History has shown us the cruelty of stolen lifespans. From the brutalities of chattel slavery to the ongoing violence of systemic racism and poor healthcare access, many in our communities don’t get the chance to see their gray hairs grow in peace.
So, when our elders do live long, when they sit in their favorite chairs telling stories, when they walk slow with a cane and wisdom in their stride—we are witnessing survival, grace, and divine protection. As Psalm 91:16 says: “With long life will I satisfy them and show them my salvation.”
To grow old is not a burden. It is a crown. And those who wear it carry something sacred: experience, insight, and an elevated view of life.

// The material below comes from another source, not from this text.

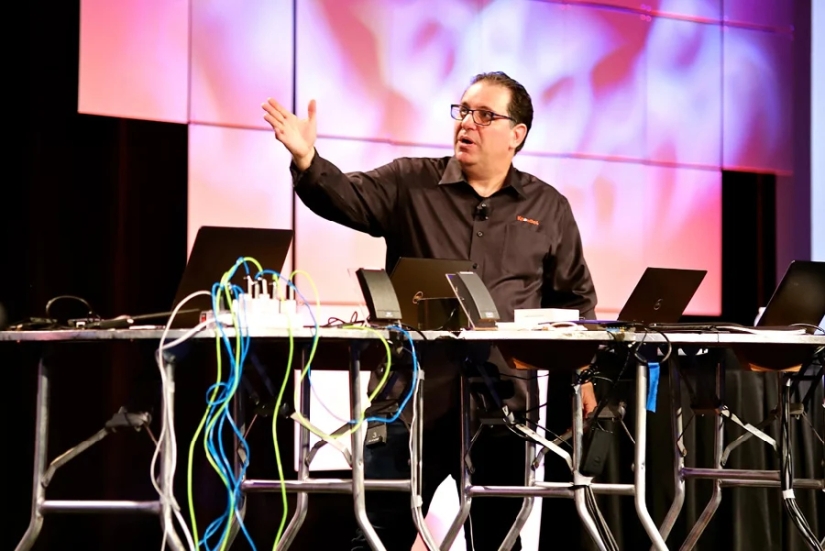 Hacker Kevin Mitnick: From Enemy of the State to Defender of Cyberspace Hacker Kevin Mitnick: From Enemy of the State to Defender of Cyberspace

Elders as Living Libraries: The Keepers of Culture
African Diaspora
In African societies, griots were the oral historians—keepers of stories, genealogies, and songs—tasked with preserving a people’s memory across generations. Among Black Americans, many of our elders carry that same sacred role, often without a title or ceremony, but with just as much power and purpose.
They are our griots, our walking encyclopedias, our sacred archives.
They carry:
- The stories not found in textbooks—truths about migrations, marriages, survival, and resilience.
- The recipes passed down not by measurement, but by feel and memory.
- The real histories of what our families endured and overcame.
- The spiritual practices and old remedies that kept us rooted when the world felt unstable.
Indigenous Americas
In Indigenous cultures across the Americas and beyond, elders are also revered as the spiritual and cultural heart of the community. They’re considered wisdom-keepers—those who carry ancestral teachings, earth knowledge, ceremony, and the responsibility of passing it forward.
They guide not just with words, but with presence. They teach by how they walk in the world—rooted in land, rhythm, and relationship.
In many Indigenous nations, youth are taught to sit with elders, to listen, to receive. Not just information, but a transmission—a remembering. This is how songs are preserved. How sacred sites are respected. How names, lineages, and original instructions are kept alive.
And when colonization, boarding schools, and displacement tried to erase these truths, it was the elders who held the knowledge in secret—passing it on in whispers, gardens, lullabies, and prayer.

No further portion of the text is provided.